BEGIN Records for the task

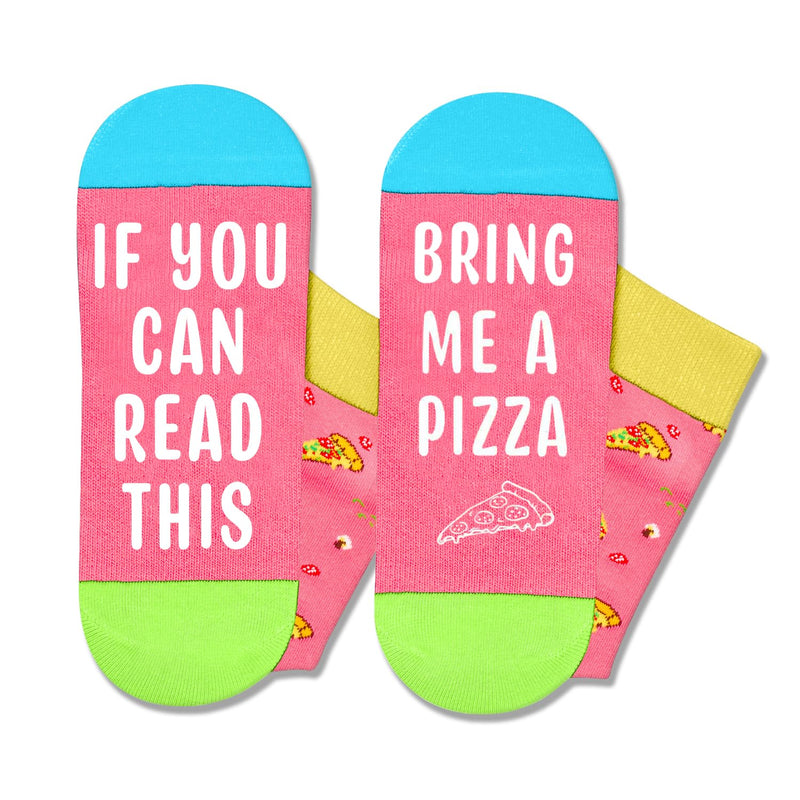 Pizza Socks Pizza Gifts, Kids Silly Crazy Novelty Socks 7-9 Years, Valentine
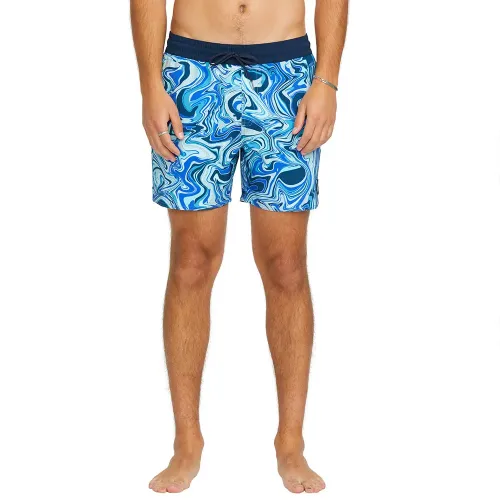 VOLCOM Lido Print 16in 수영 반바지 9141676897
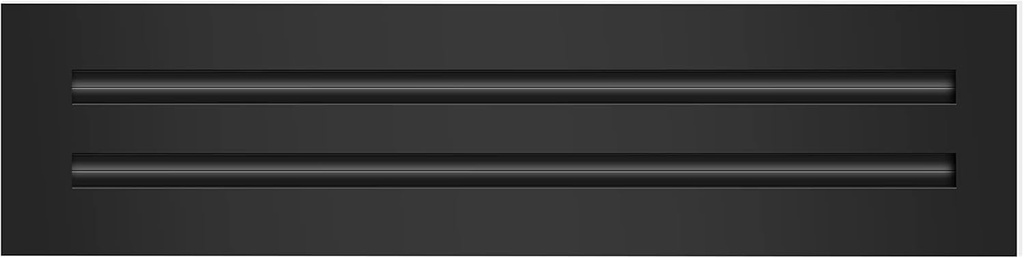 BUILDMART - 16x4 Modern AC Vent Cover - Decorative Black Aluminum Air Vent - Standard Linear Slot Diffuser - Heating and Cooling Register Grille for Ceiling, Walls & Floors - Texas Buildmart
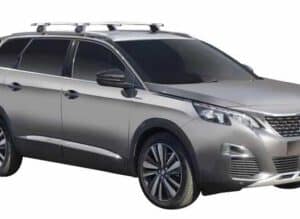 Whispbar Dakdragers Zwart Peugeot 5008 5dr SUV met Geintegreerde dakrails bouwjaar 2017-e.v. Complete set dakdragers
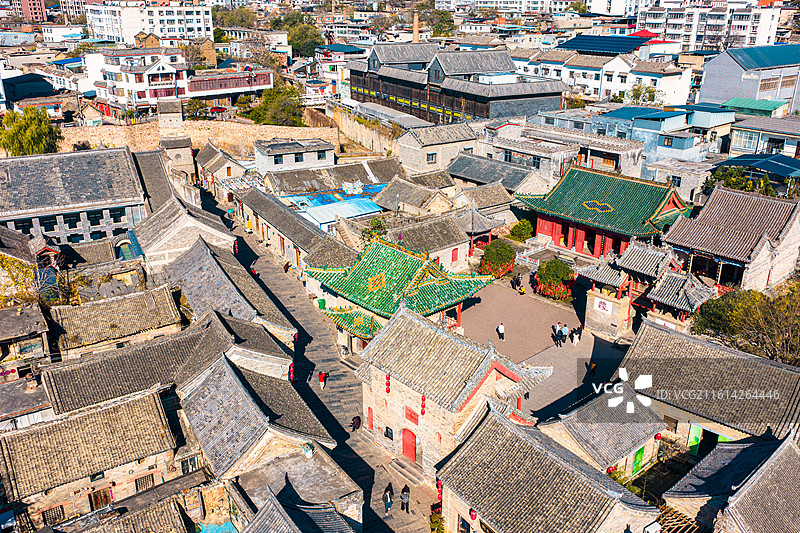 航拍禹州神垕古镇图片素材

END Records for the task

* _What to produce_:
Exactly as written, return each line above and leave the pictures behind.

* _Exercise response_:
 Pizza Socks Pizza Gifts, Kids Silly Crazy Novelty Socks 7-9 Years, Valentine
 VOLCOM Lido Print 16in 수영 반바지 9141676897
 BUILDMART - 16x4 Modern AC Vent Cover - Decorative Black Aluminum Air Vent - Standard Linear Slot Diffuser - Heating and Cooling Register Grille for Ceiling, Walls & Floors - Texas Buildmart
 Whispbar Dakdragers Zwart Peugeot 5008 5dr SUV met Geintegreerde dakrails bouwjaar 2017-e.v. Complete set dakdragers
 航拍禹州神垕古镇图片素材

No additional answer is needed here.